Wind Forecasting Leads Best Practices to Integrate Uncertain Renewables
Predictability of wind, solar and other variable generation output is the key to managing uncertainty. A recent DOE global survey identifies current best practices tools and decision-making systems used to manage the uncertainties of wind and solar energy. In the same survey, an overwhelming majority of grid operators named wind power forecasting as an important prerequisite for integrating wind energy. (See Figure 1.)
According to the North American Electricity Reliability Corp. (NERC), several forecasting products are important for integrating variable energy resources. Grid operators typically use one or several of the following lists of forecasting products:
• Day-ahead (DA) forecast
• Wind plant high-resolution forecast
• Weather situational awareness forecast
• Short-term forecast (e.g., 10 minutes)
• Ramp risk forecast
• Six-hour forecast
• Nodal injection forecast
• Ramp forecasting
• Next-hour forecast
• Probabilistic forecast
• Ensemble forecast (use of multiple wind forecasts).

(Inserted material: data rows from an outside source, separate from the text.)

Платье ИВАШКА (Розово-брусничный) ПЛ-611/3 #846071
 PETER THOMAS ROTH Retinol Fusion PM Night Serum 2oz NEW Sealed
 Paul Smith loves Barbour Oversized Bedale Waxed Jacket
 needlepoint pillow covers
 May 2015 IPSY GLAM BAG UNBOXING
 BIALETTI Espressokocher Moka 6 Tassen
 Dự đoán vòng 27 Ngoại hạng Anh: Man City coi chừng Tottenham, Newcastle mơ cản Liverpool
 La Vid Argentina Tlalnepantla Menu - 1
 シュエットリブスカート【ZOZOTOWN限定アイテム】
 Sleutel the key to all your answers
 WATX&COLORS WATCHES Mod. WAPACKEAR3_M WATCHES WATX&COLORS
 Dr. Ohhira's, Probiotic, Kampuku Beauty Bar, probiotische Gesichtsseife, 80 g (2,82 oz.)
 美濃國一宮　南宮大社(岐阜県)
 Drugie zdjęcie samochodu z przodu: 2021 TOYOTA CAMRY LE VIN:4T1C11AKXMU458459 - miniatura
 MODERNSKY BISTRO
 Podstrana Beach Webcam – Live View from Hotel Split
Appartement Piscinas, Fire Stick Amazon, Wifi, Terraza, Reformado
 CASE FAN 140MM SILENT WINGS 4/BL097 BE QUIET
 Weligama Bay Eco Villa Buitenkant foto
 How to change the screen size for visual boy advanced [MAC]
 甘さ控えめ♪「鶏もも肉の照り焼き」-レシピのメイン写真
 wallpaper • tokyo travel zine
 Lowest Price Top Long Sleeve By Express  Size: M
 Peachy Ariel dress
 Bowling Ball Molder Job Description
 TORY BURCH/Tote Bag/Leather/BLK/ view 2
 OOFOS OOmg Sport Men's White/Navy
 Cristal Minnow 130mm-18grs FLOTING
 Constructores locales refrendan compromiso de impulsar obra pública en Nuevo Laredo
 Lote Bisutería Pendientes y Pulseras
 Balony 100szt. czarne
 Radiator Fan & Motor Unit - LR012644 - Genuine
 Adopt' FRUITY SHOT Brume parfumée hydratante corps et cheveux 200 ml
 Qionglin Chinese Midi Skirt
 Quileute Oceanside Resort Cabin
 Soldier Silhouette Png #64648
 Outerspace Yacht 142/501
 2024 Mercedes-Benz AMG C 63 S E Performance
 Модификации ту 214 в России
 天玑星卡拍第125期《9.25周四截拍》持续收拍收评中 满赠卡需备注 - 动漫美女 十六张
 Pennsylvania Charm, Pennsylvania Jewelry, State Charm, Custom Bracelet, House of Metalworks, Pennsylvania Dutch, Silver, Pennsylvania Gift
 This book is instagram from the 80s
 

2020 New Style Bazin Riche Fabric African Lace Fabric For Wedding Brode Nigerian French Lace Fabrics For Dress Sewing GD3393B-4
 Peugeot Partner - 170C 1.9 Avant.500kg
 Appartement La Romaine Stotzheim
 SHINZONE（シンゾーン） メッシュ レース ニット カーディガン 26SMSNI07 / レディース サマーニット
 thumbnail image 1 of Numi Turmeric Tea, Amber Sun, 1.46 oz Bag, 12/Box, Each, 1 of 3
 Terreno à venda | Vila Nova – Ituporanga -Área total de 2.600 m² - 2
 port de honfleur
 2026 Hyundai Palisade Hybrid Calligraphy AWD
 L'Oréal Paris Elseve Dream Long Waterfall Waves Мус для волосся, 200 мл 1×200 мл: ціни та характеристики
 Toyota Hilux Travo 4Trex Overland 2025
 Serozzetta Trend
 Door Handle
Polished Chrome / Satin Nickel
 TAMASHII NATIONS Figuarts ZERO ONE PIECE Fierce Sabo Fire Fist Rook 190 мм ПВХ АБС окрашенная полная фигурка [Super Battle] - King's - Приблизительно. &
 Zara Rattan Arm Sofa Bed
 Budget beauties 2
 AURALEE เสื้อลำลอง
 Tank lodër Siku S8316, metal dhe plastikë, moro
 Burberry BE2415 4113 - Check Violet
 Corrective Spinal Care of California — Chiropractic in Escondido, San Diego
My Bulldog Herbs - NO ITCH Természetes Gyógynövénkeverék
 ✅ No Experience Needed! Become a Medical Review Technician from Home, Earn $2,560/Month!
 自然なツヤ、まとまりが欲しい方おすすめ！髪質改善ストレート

The grid operators in the survey also identified the importance of precise prediction tools and several forecasting products to anticipate generation needs and control mechanisms. (See Figure 2.)
Grid operators overwhelmingly agree that short-term forecast (five to 10 minutes) will be increasingly important as the penetration of wind and other variable energy resources increases.
Lawrence Jones is vice president of policy and regulatory affairs of Alstom Grid Inc. He was the principal investigator of the global survey of wind integration in control centers funded by the DOE. He is a senior member of the IEEE.
Kwok Cheung is director of research and development at Alstom Grid Inc. He is a senior member of the IEEE.